Immediately, I was down at his side. He didn't need to lose any more blood. "Shh, calm down. It's okay, Addy. Take a deep breath, no more tears, okay? If you keep on like this, you'll bleed out. And your daughter needs you."

"I don't want to find someone else! I want Jeff back!" Adam screamed, about to hit himself in the chest and totally destroy his stitches.

Not knowing what else to do, I slapped his across the face. "Adam! Would you shut the hell up and listen to me for a second?"

Adam's sobs ceased and he stared at me in bewildered wonder. "You… You just hit me." He said slowly.

"Yes. I did. I'm not happy about it, but it was the only way that I could get you to listen to me." I hissed. "Now, Jeff loved you just as much as you loved him. He wouldn't want you to sit here and kill yourself by tearing out your stitches and bleeding to death."

Adam let out a choked sob, but calmed down a little bit. "What… What do I do now?"

I hated the look of absolute hopelessness in his eyes. "Well, first, you let me clean your bandages. You look like shit, man."

Adam offered a wry smile. "Thanks for that."

I chuckled. "No problem."

I washed my hands and slid on a clean pair of gloves, before I took the medical supplies back into the living room. I had to cut off his shirt, because it was soaked in blood and stuck to his skin and he didn't have the range of motion required to remove it otherwise. Carefully, I peeled off the gauze that covered his stiches and threw it into the trashcan. He was incredibly bloody, so I cleaned him with a cotton ball that was wet with alcohol. Once the area was clean, I taped a fresh bandage onto his chest.

He seemed a little cold, so I brought him down a fresh shirt. He had calmed down considerably, so I was pretty sure he wasn't gonna inflict anymore pain on himself. While I may not know exactly how he felt, I knew what it meant to lose someone close to you. He was extremely grateful and even had a small smile on his face at the end of it all. When I asked him if he needed anything, he said no. But at the same time, he was extremely reluctant for me to leave. I could clearly see that he was lonely.

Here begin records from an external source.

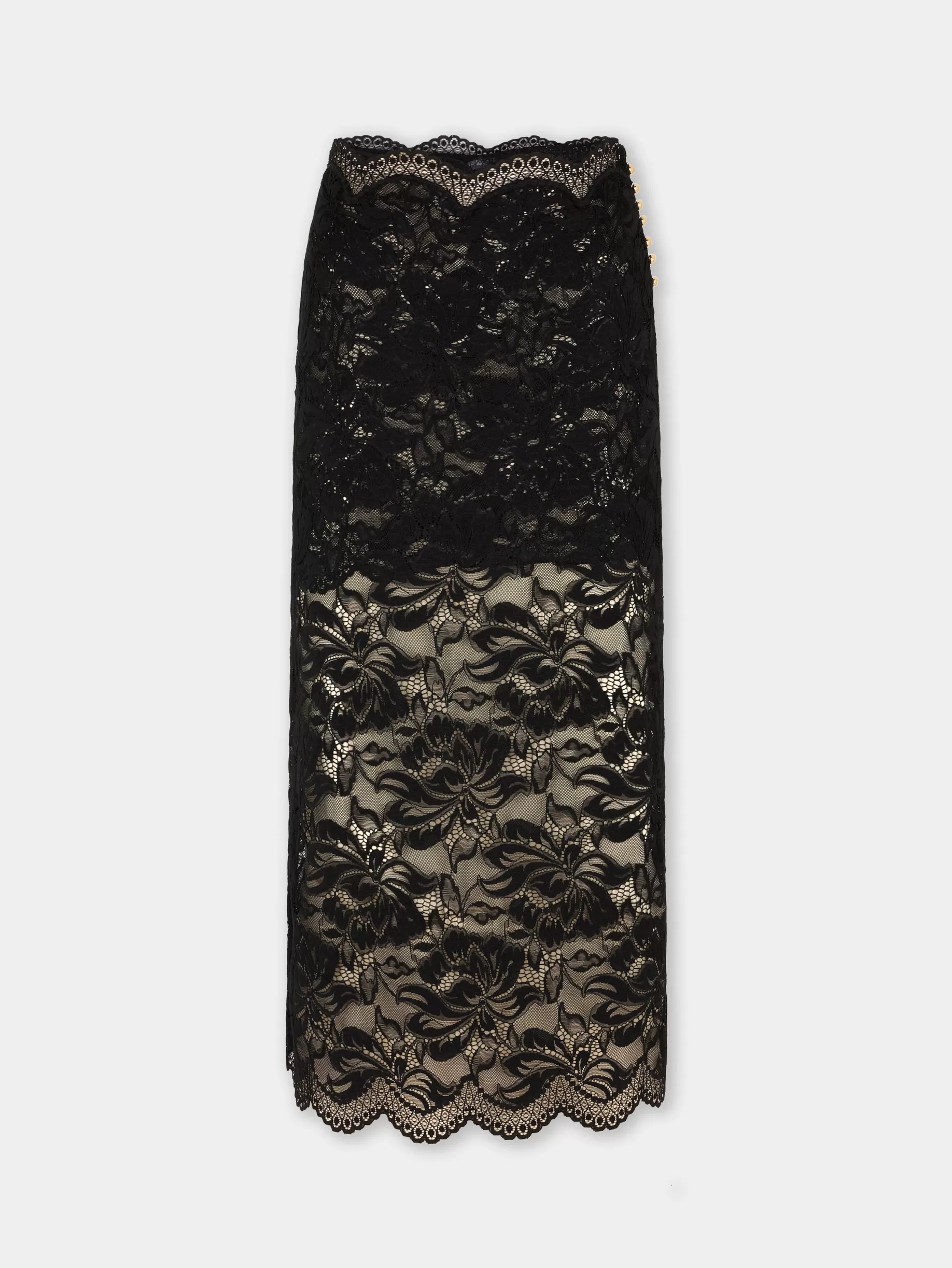 Rabanne BLACK MIDI-SKIRT IN LACE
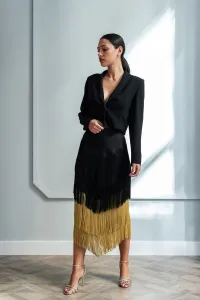 chaqueta corta torera cuello esmoquin crepe negro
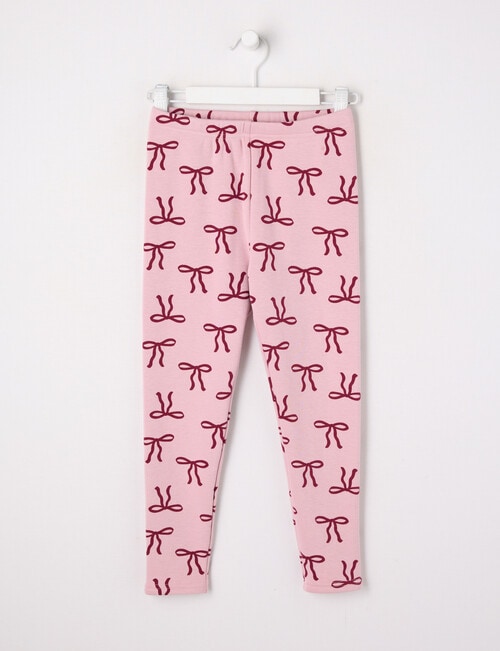 Mac & Ellie Bows Full Length Cosy Fleece Leggings, Blush product photo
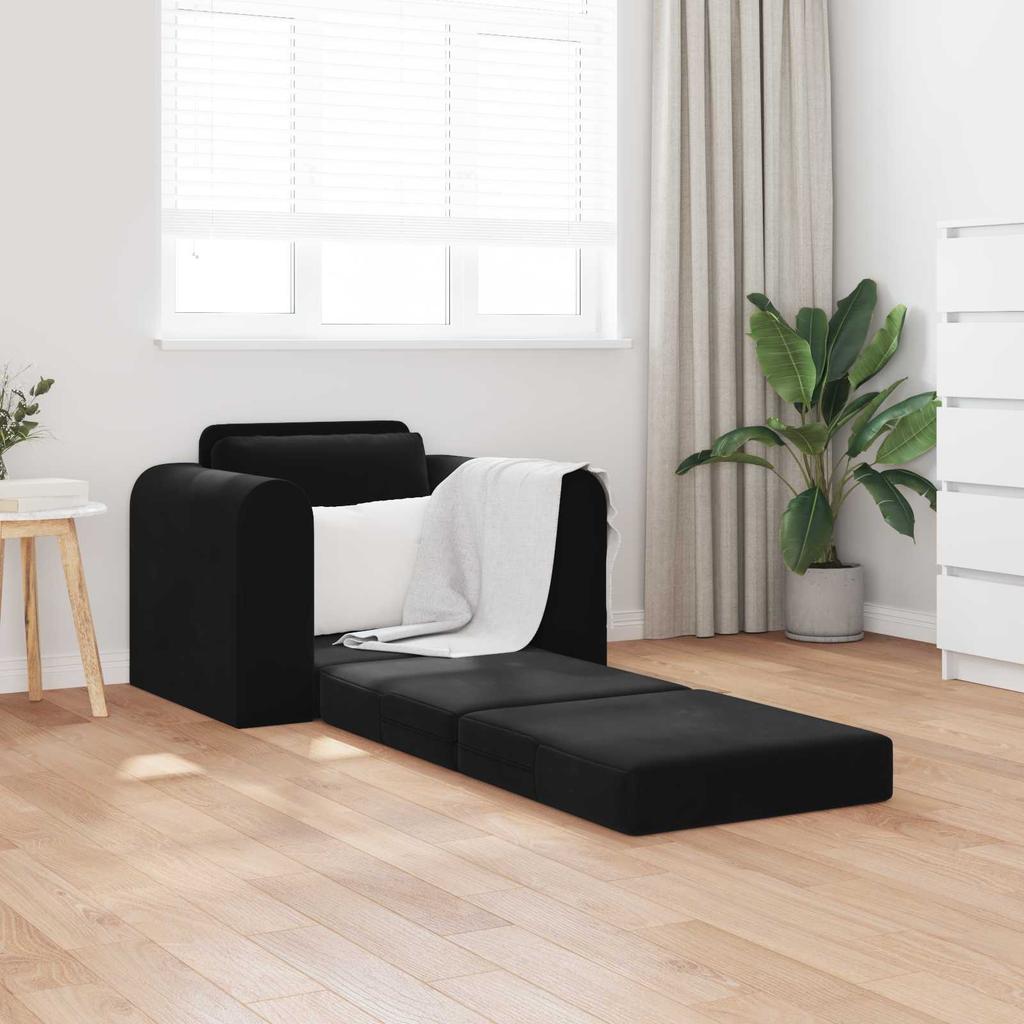 Black Sleeper Sofa 98 x 71 x 83 cm Velvet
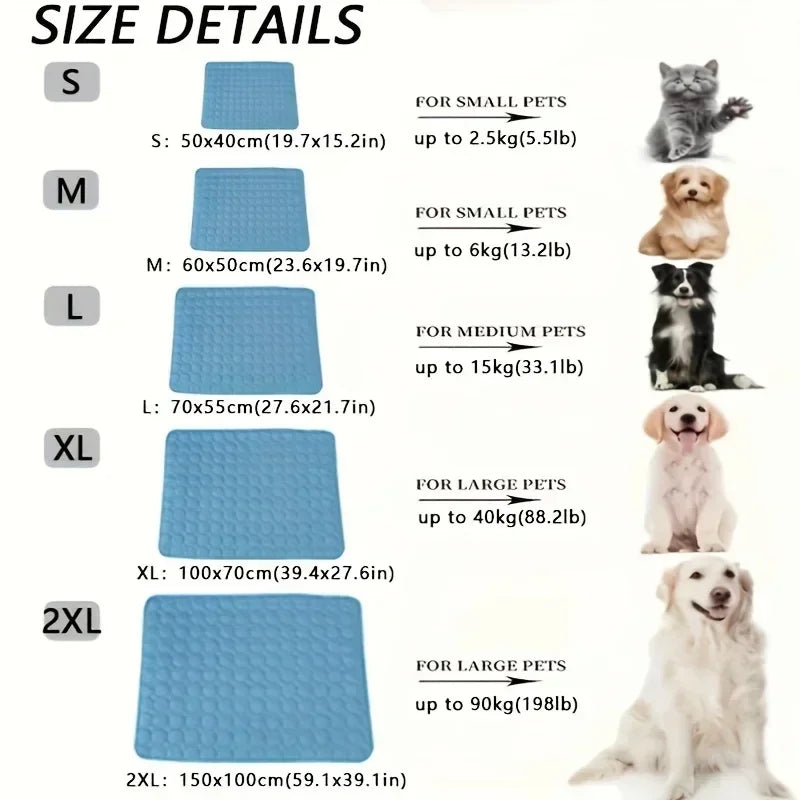 Pet Ice Cooling Mat – Breathable Ice Silk Washable Dog & Cat Bed for Summer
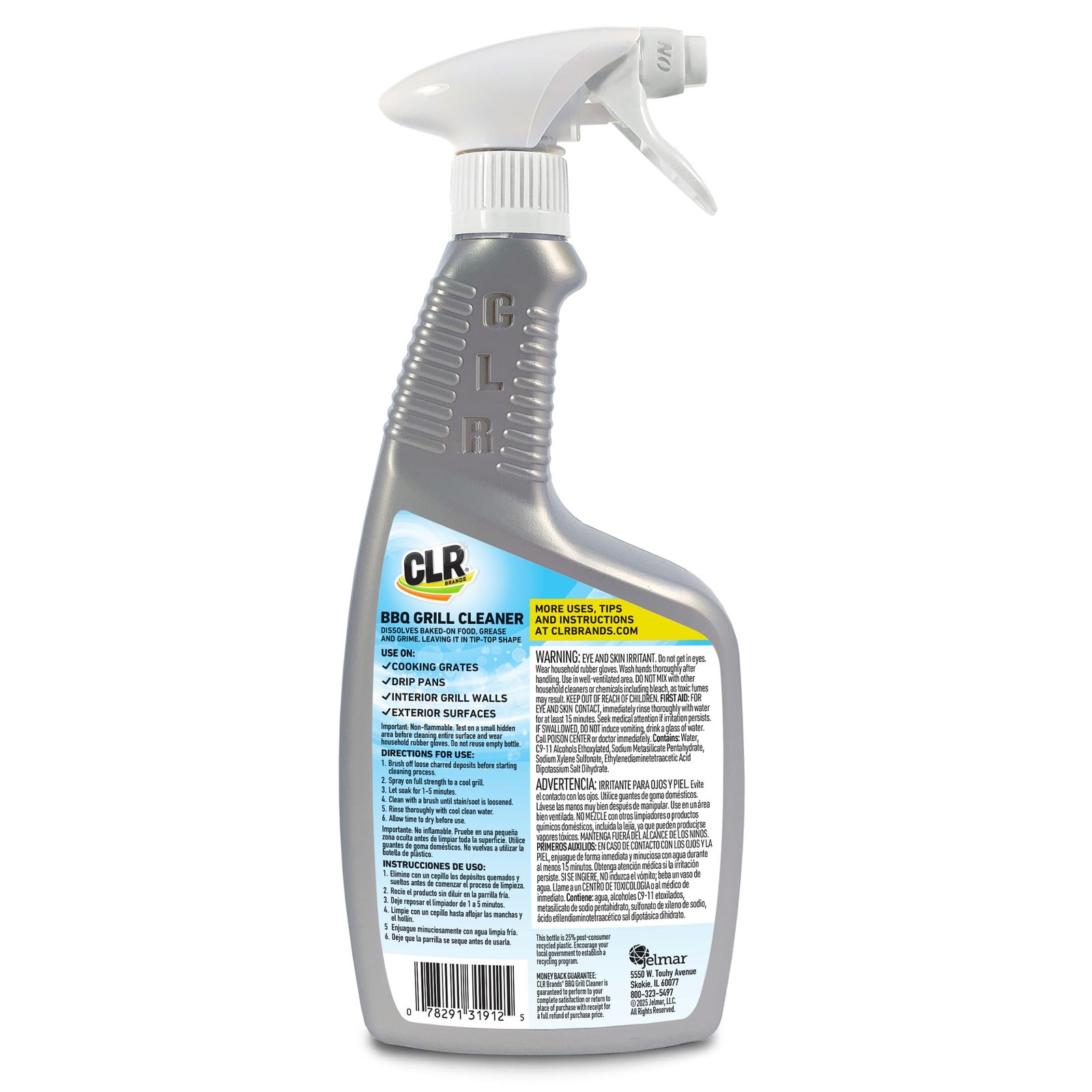 CLR Grill Cleaner Spray 26 Fl Oz Powerful Foaming Degreaser for BBQ Surfaces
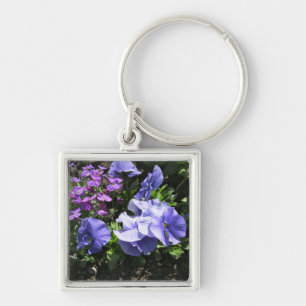 Shy Purple Pansies Key Ring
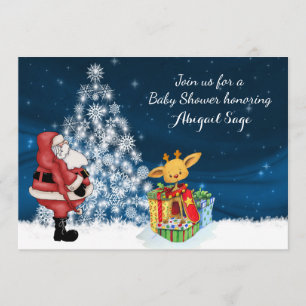 Invitación Reno, Papá Noel, Árbol de Navidad Invitado en Baby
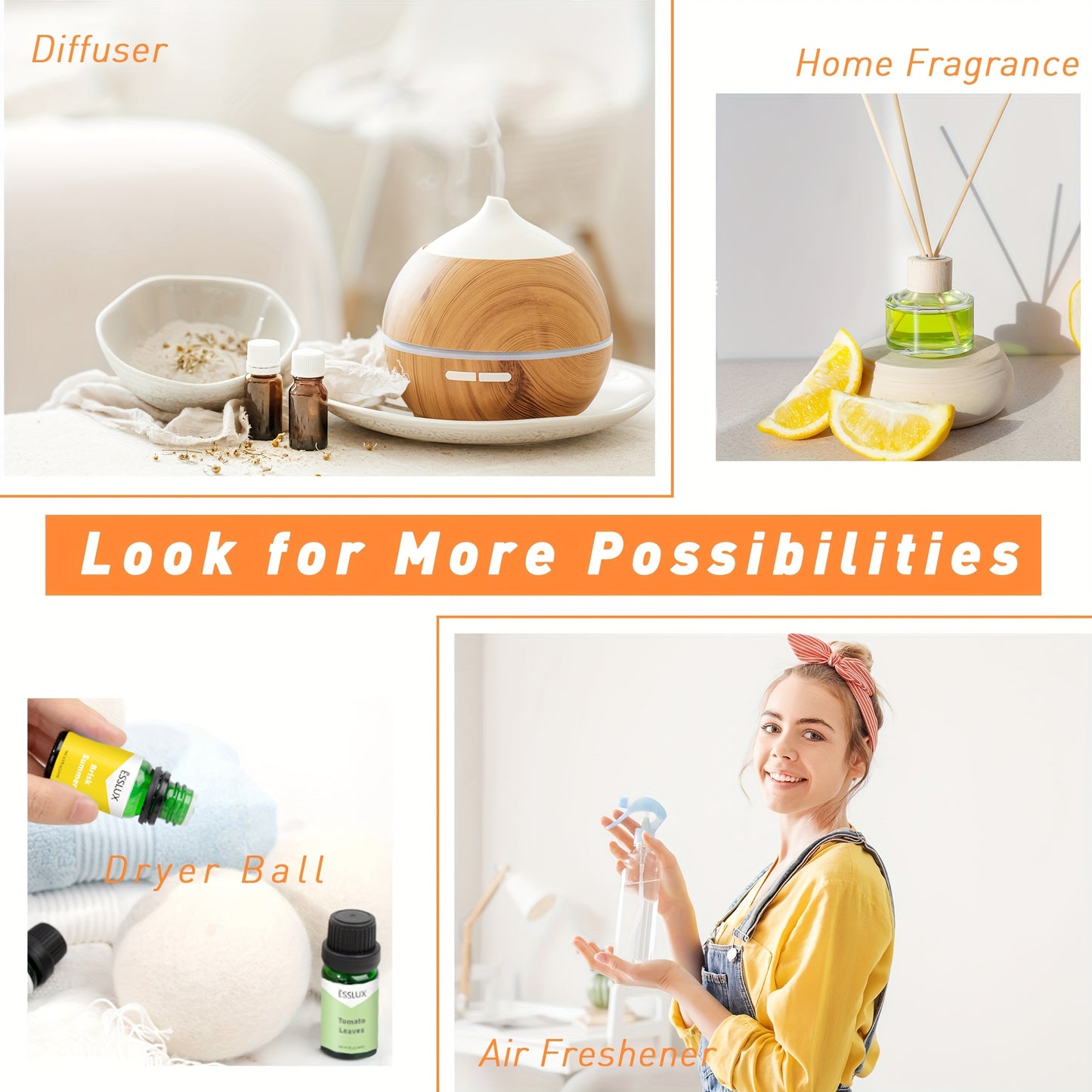 6x0.34oz Autumn Fragrance Oil Set ESSLUX Fall Scented Oils for Candle Making Diffuser Laundry Dryer Ball Aromatherapy Gift Set Forest Pine Orange Cinnamon Pumpkin Pie Maple Syrup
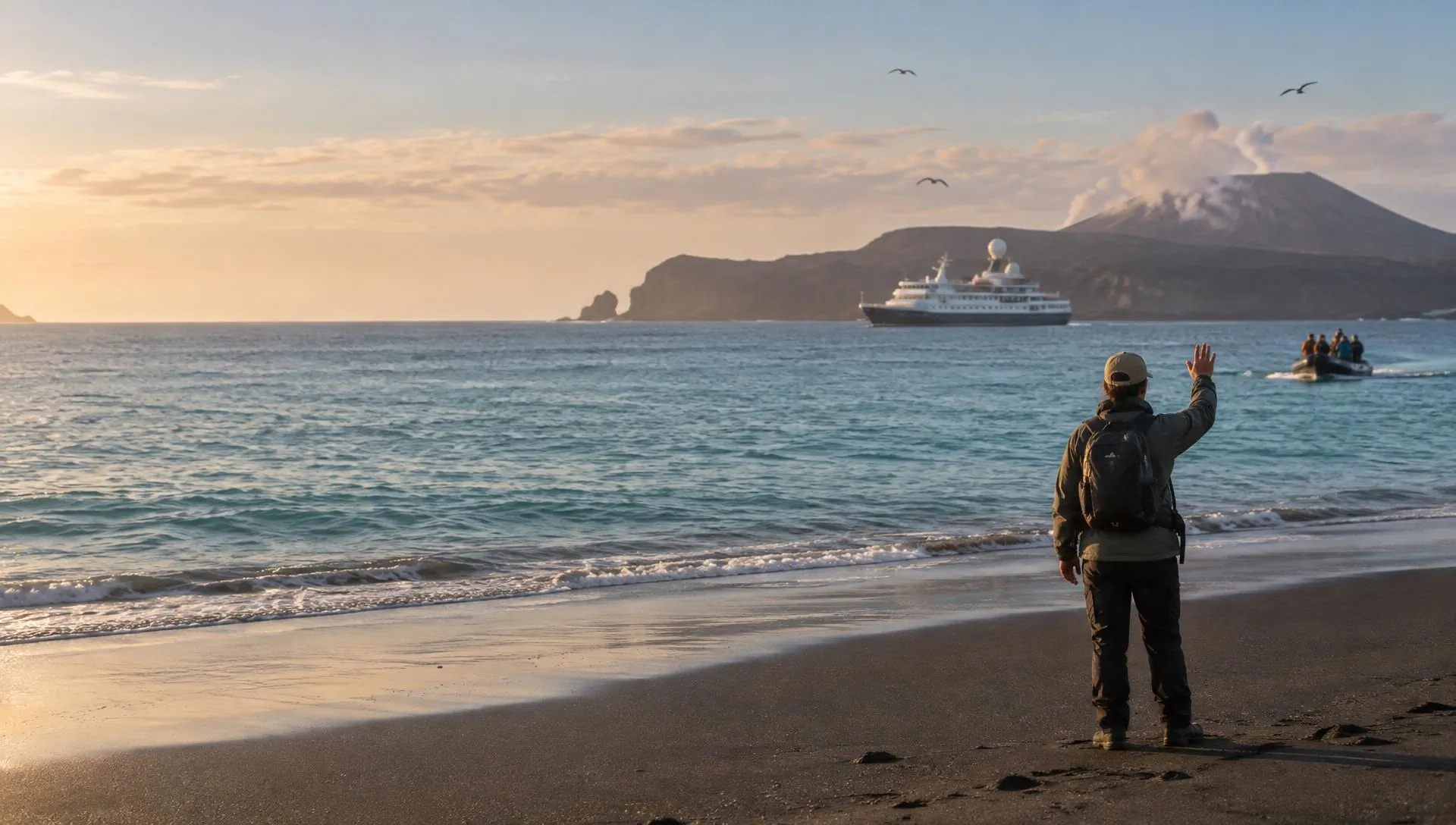 A naturalist guide on a volcanic beach greeting guests arriving by dinghy, an expedition cruise ship anchored in the bay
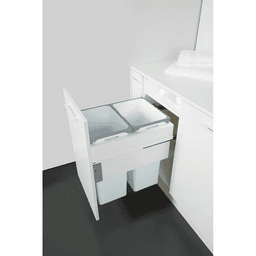 Double 35QT/1.5QT Full Height Hamper System for 13-1/2" Cabinet Opening, Carbon Steel Gray Alt 1 - Image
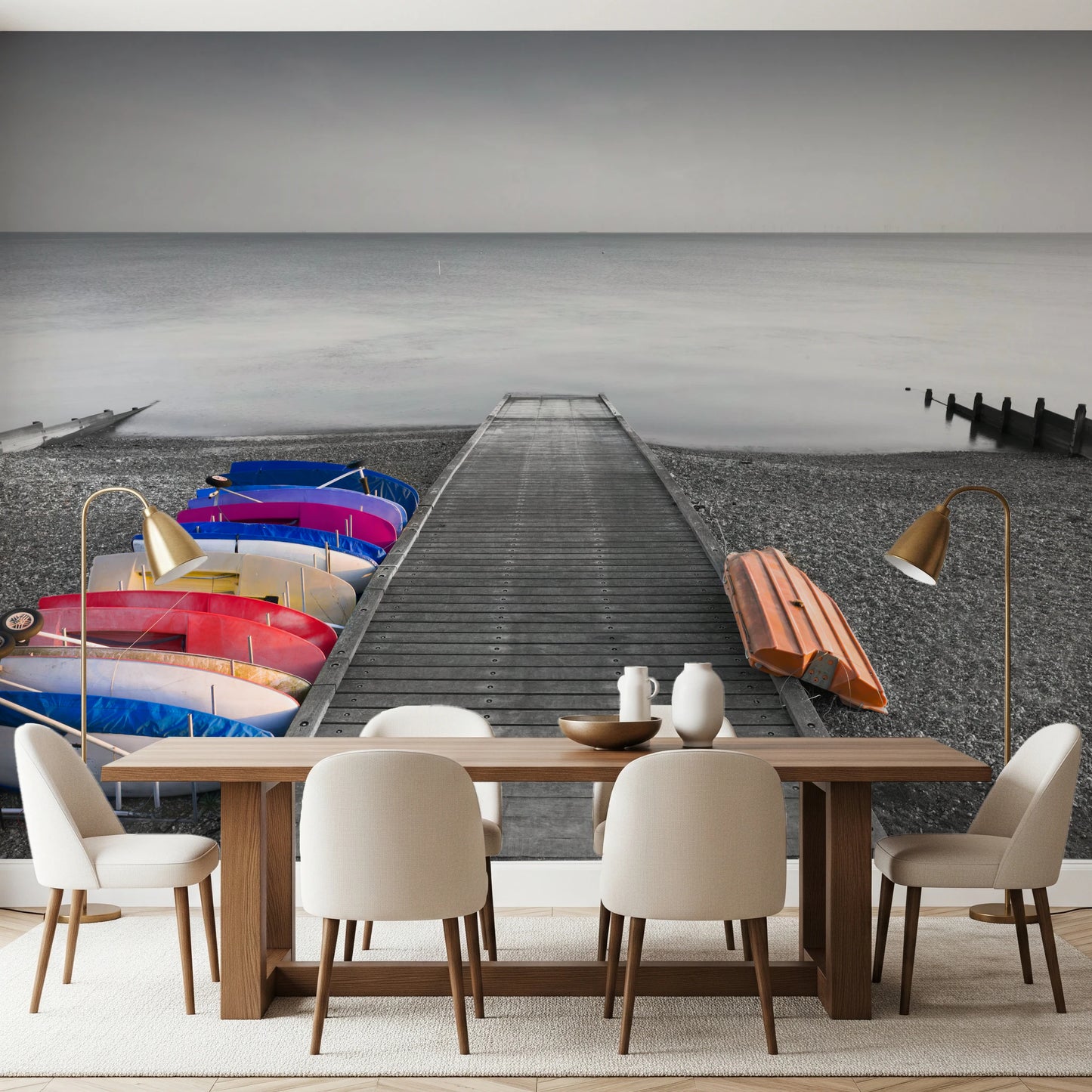 Fototapet cu caiace pe dig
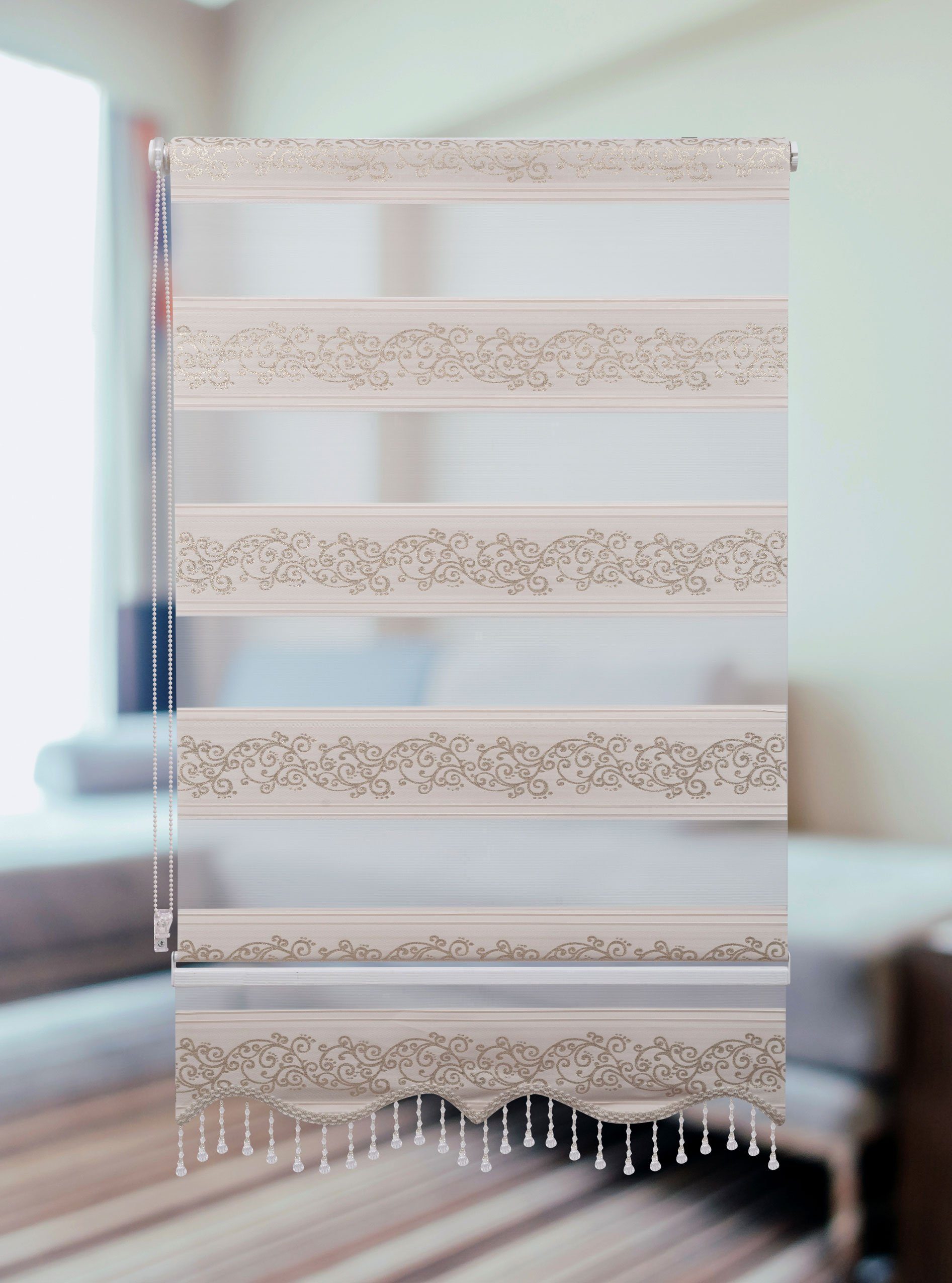 Doppelrollo Doppelrollo Klemmfix ohne Bohren Gold Rankenmuster mit Perlen, günstig online kaufen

"How about this? As soon as I'm back on speaking terms with my father, I'll send him out here and you two can have some 'man time', or whatever it is that you call it?" I offered.

Adam looked concerned. "You had a falling out with your father?" He asked. My heart sank. I really didn't want to talk about this again. "What happened?" He continued on.

I shook my head. "It's a long story. I'll tell you later. But does that sound like a plan?"

Reluctantly, he nodded. I could tell that he still wanted the rest of the story. "Yeah. I'd like that."